§ PROBLEM TO WORK ON
Starting with the line that has "Because every Goodman" in the records below and stopping after the line that has "The grocery store", output every line exactly and nothing else; skip pictures.

§ Saved entries
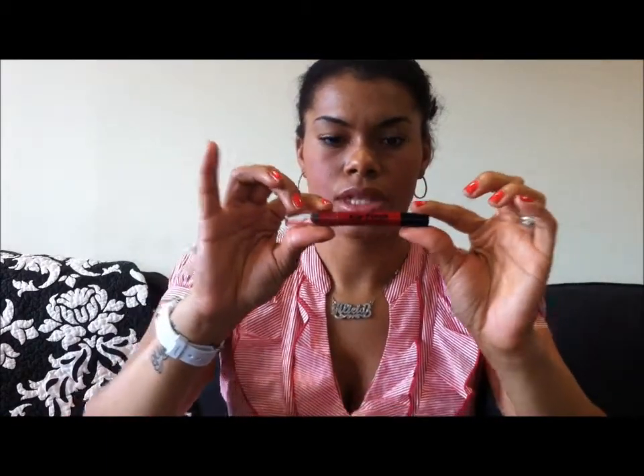What it is, is this here, and it's the Milani Lip Flash Full Coverage Shimmer Gloss Pencil in number 5 Hot Flash. I love this thing.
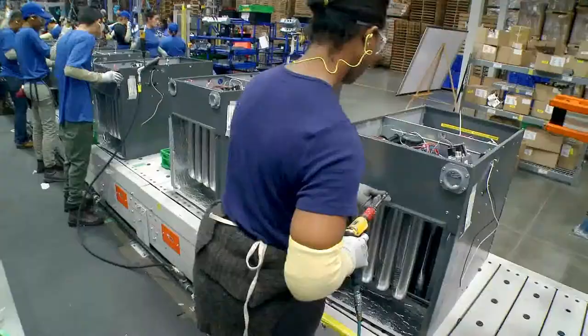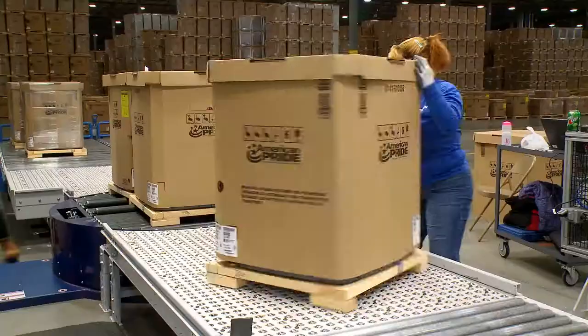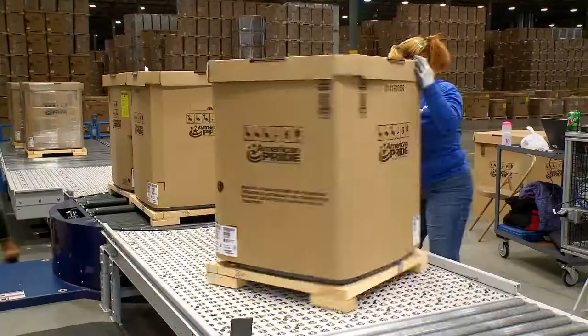Because every Goodman brand heating and cooling system is designed, engineered, and assembled in the USA. Right here in over 4 million square feet of good old red, white, and blue.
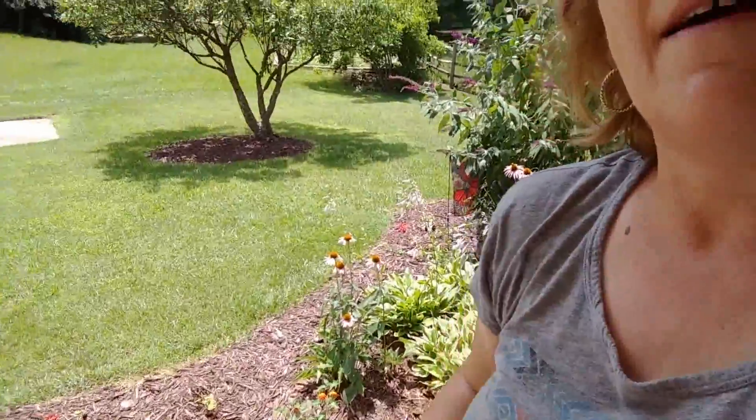The grocery store didn't have anything at all, really, so I'm back home. Behind me is my butterfly bush. Down here — see down here — I have these holes.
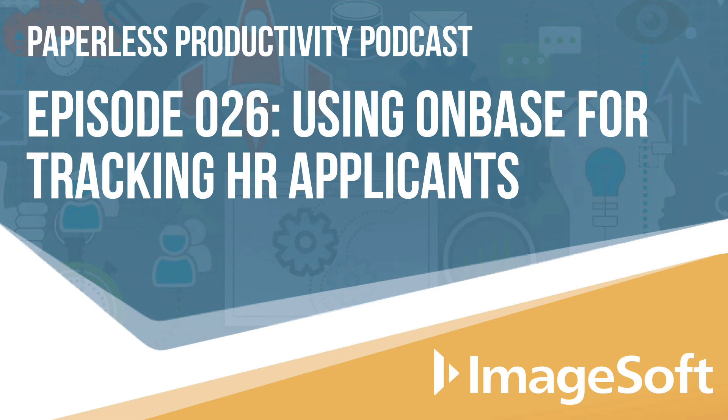ImageSoftInc.com is a good place to start. There are a lot of human resources resources on the website — white papers, videos, and things like that — in addition to OnBase resources on Hyland's website. Thank you both for coming in today and for sharing the applicant tracking process and how others can look at improving and smoothing their own organizational processes. And thank you to everyone for joining us — be sure to subscribe to Paperless Productivity, where we tackle some of the biggest paper-based pain points facing organizations today.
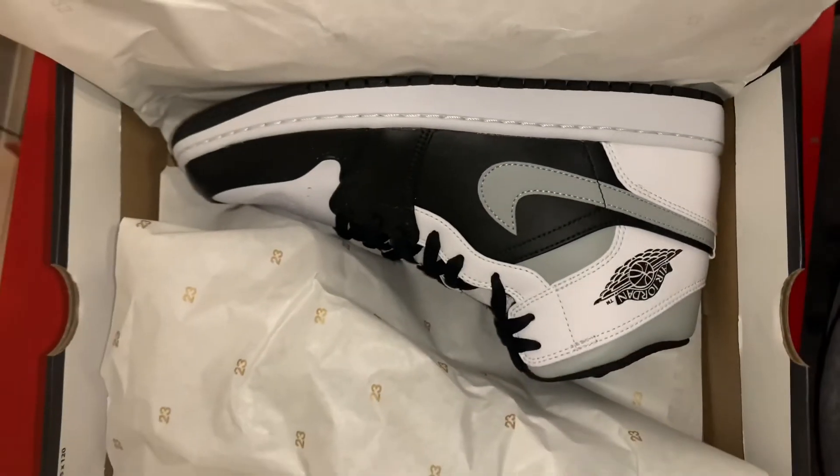Here we have the Jordan 1 Mid White Shadow in a size 10 — pretty good size. Retail was $115 on this pair and I paid about $121.90 after tax. Pretty cheap for a good shoe, good quality, and good color. It was released not too long ago, actually.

§ PROBLEM SOLUTION
Because every Goodman brand heating and cooling system is designed, engineered, and assembled in the USA. Right here in over 4 million square feet of good old red, white, and blue.
The grocery store didn't have anything at all, really, so I'm back home. Behind me is my butterfly bush. Down here — see down here — I have these holes.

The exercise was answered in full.